[Saved entries]
================================

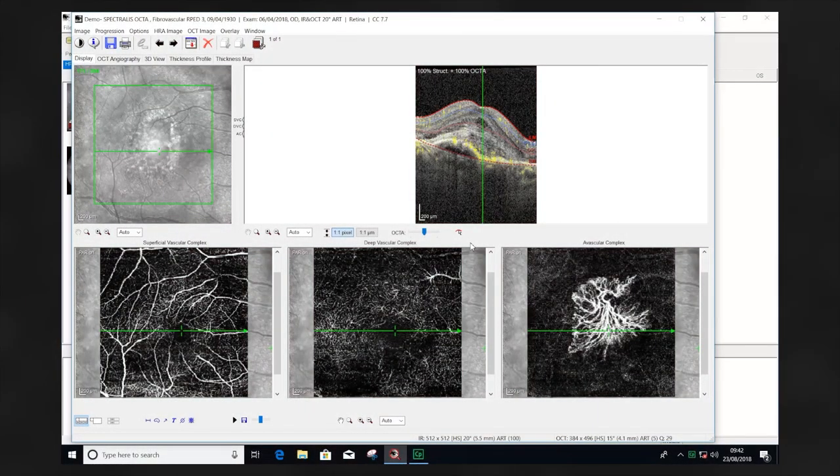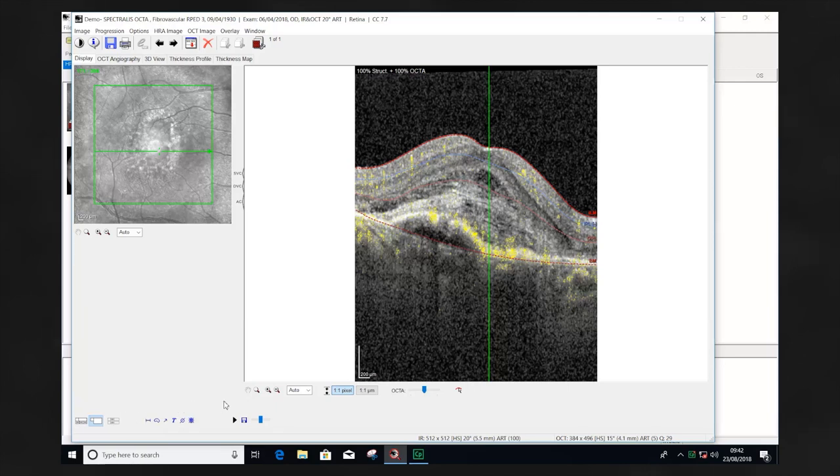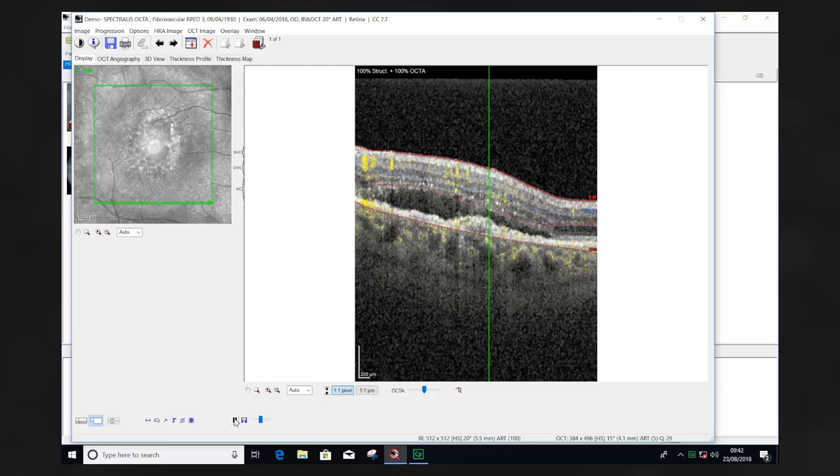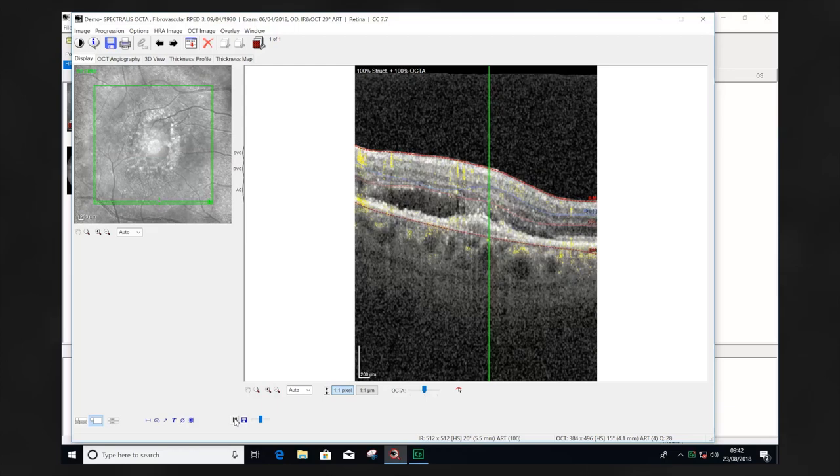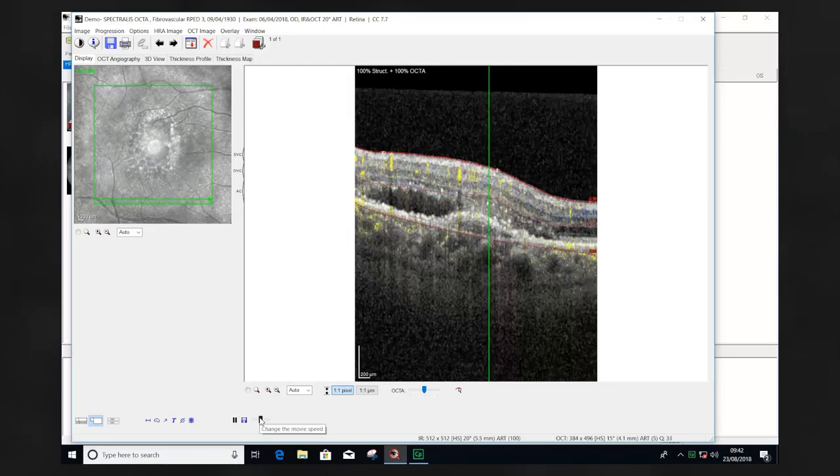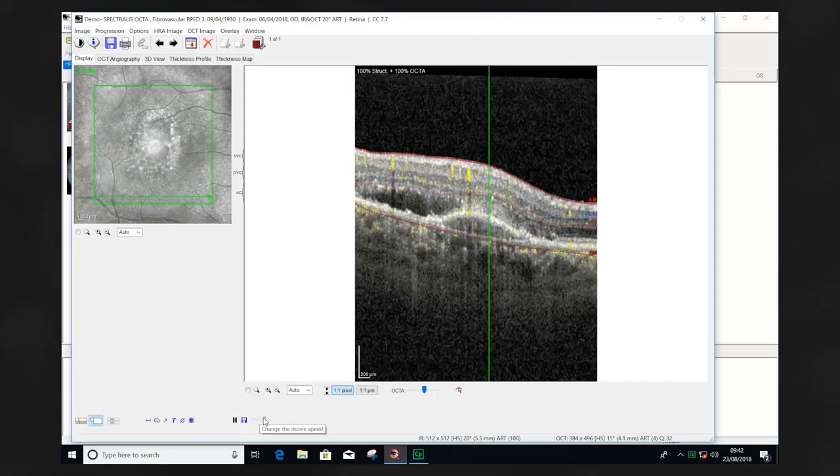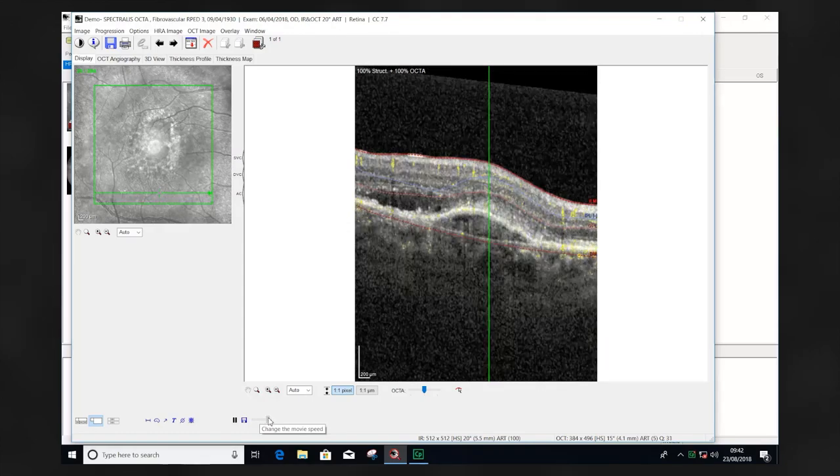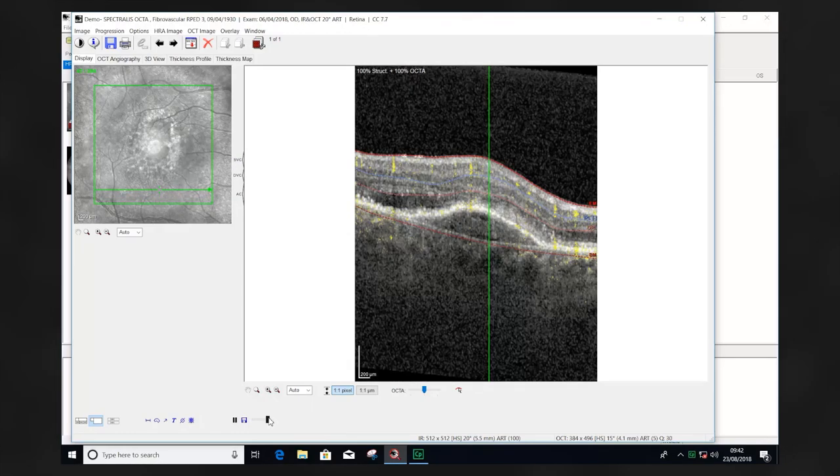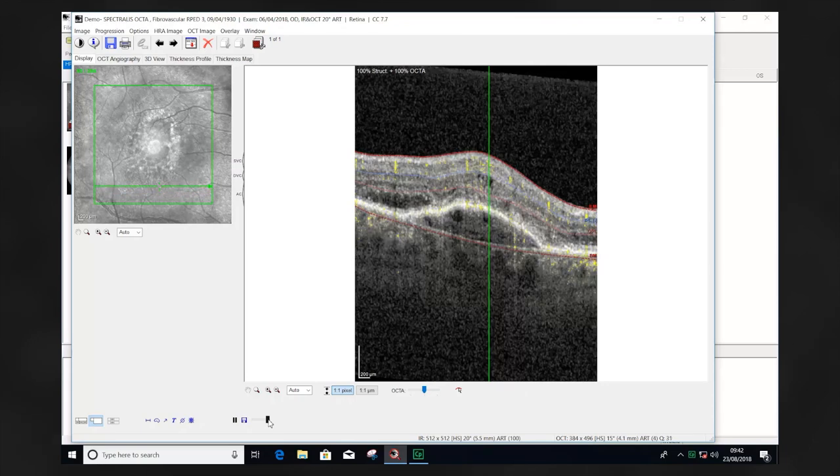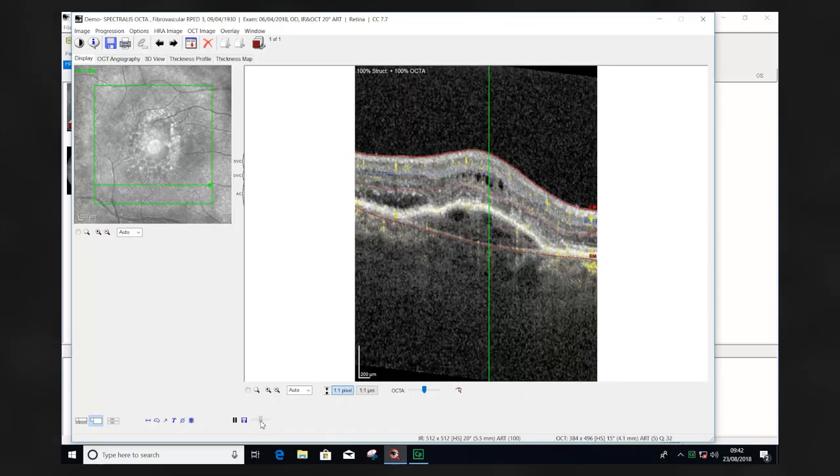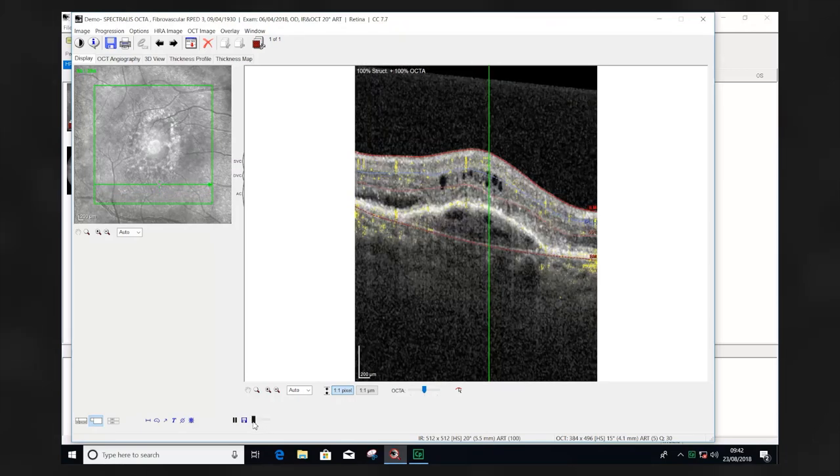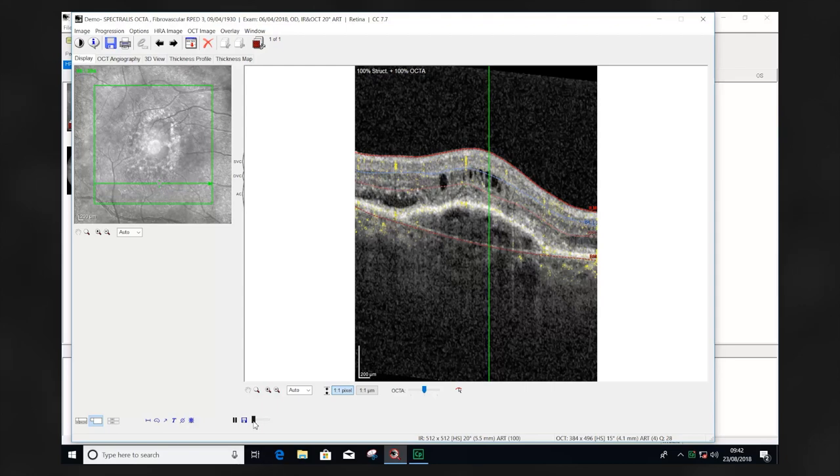An additional useful display modality is the B-scan view. This allows you to fly through the volume scan comparing the location of flow information and the correlating structural changes. The speed of the replay of the video can be adjusted and the structure and flow information isolated.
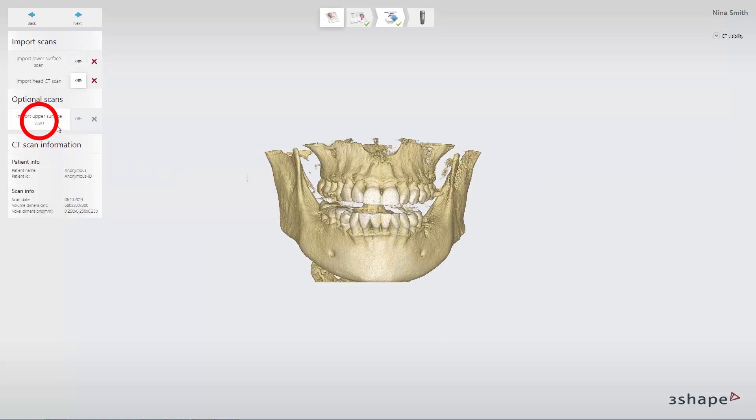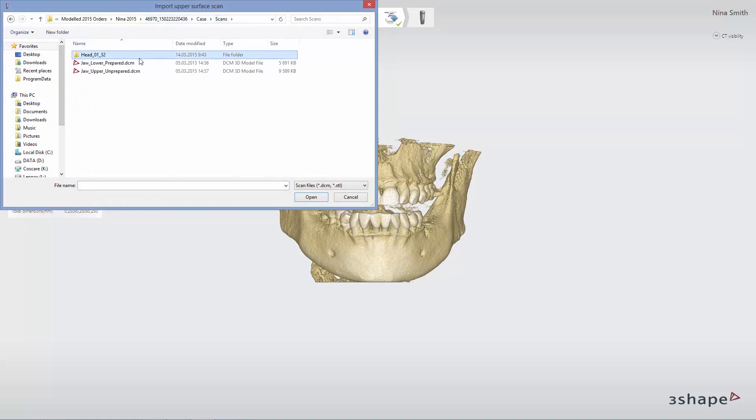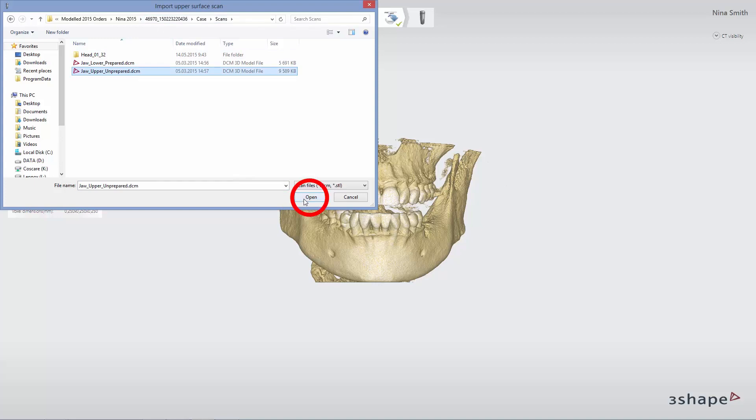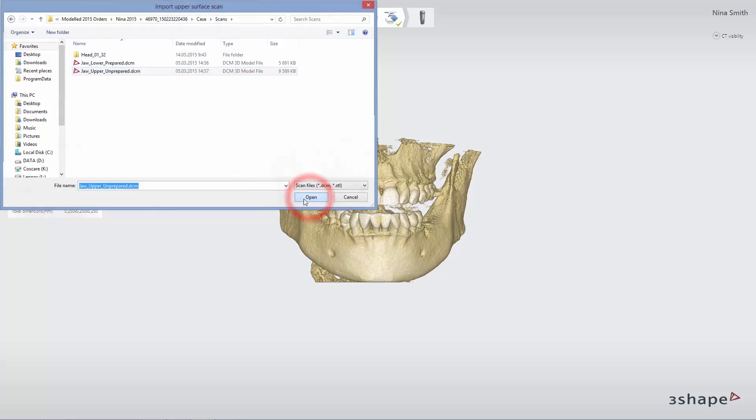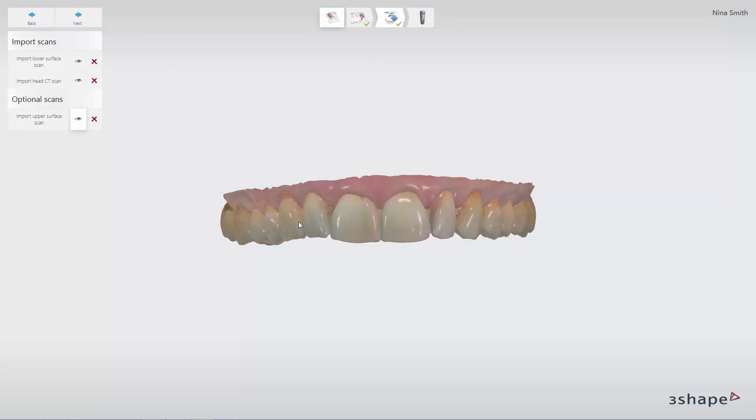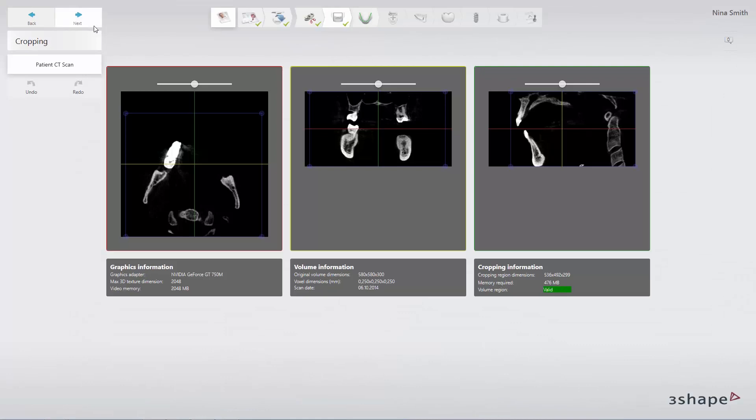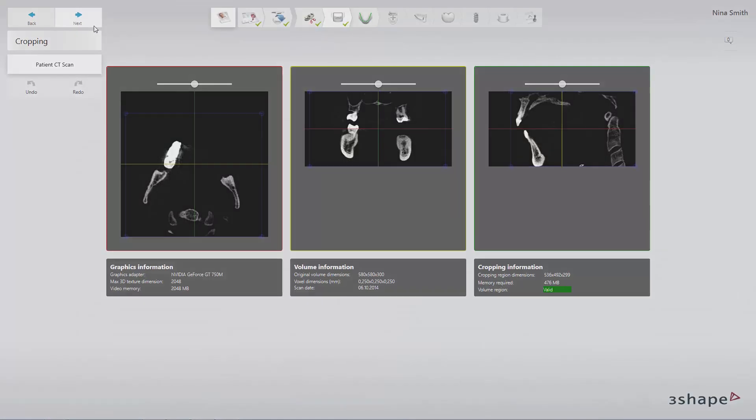Import an antagonist surface scan if needed. When all relevant scans are imported, click Next to proceed to the main workflow. You have now created a tooth supported case.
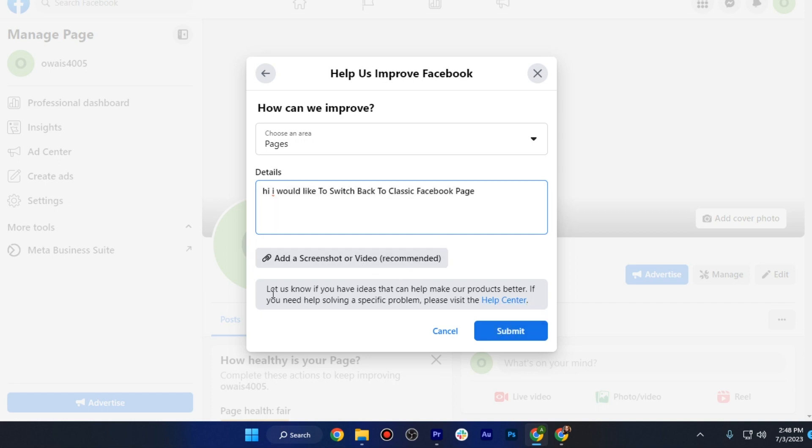That's it. Now you have to wait 24 hours and Facebook will get back to you with a solution. Hopefully this video helped you out — this is how you can switch back to the Facebook classic page.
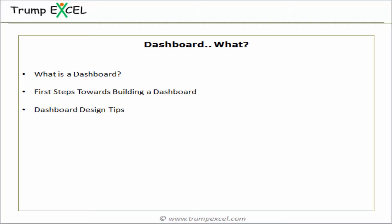Hello and welcome to the Dashboard course by TrumpExal. I'm Sumit Bansal and in this video, we will briefly talk about a dashboard definition. Then we'll look at a few steps that you need to know while creating a dashboard and then discuss some design tips. This will be a short video, so let's get started.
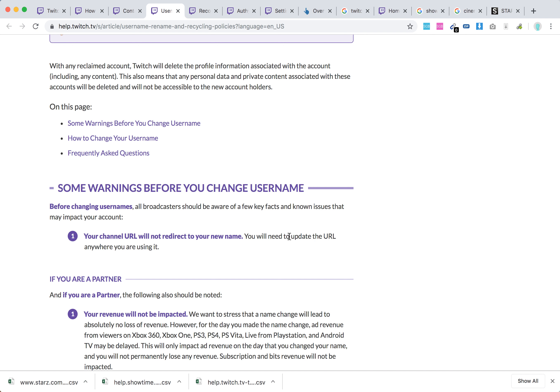So yeah, just think twice when you're changing your Twitch username because of this thing.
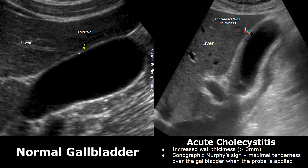The image on the right is of acute cholecystitis. When the gallbladder is inflamed, its wall thickness will be greater than 3 mm. Here we can see a thickened gallbladder wall. You can see this wall appears thicker than the wall in the normal image.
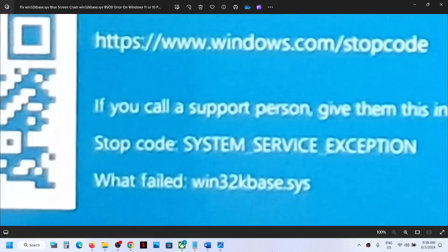Hello guys, welcome to my channel. Today in this video I'm going to show you how to fix the blue screen error win32kbase.sys. If you are receiving this error, please follow the steps shown in this video.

================================

TASK DIRECTIONS. Print, exactly and without pictures, the lines from the one holding "So yeah, just" through the last line of the entries above, both included.

ANSWER TO THIS TASK.
So yeah, just think twice when you're changing your Twitch username because of this thing.
The image on the right is of acute cholecystitis. When the gallbladder is inflamed, its wall thickness will be greater than 3 mm. Here we can see a thickened gallbladder wall. You can see this wall appears thicker than the wall in the normal image.
Hello guys, welcome to my channel. Today in this video I'm going to show you how to fix the blue screen error win32kbase.sys. If you are receiving this error, please follow the steps shown in this video.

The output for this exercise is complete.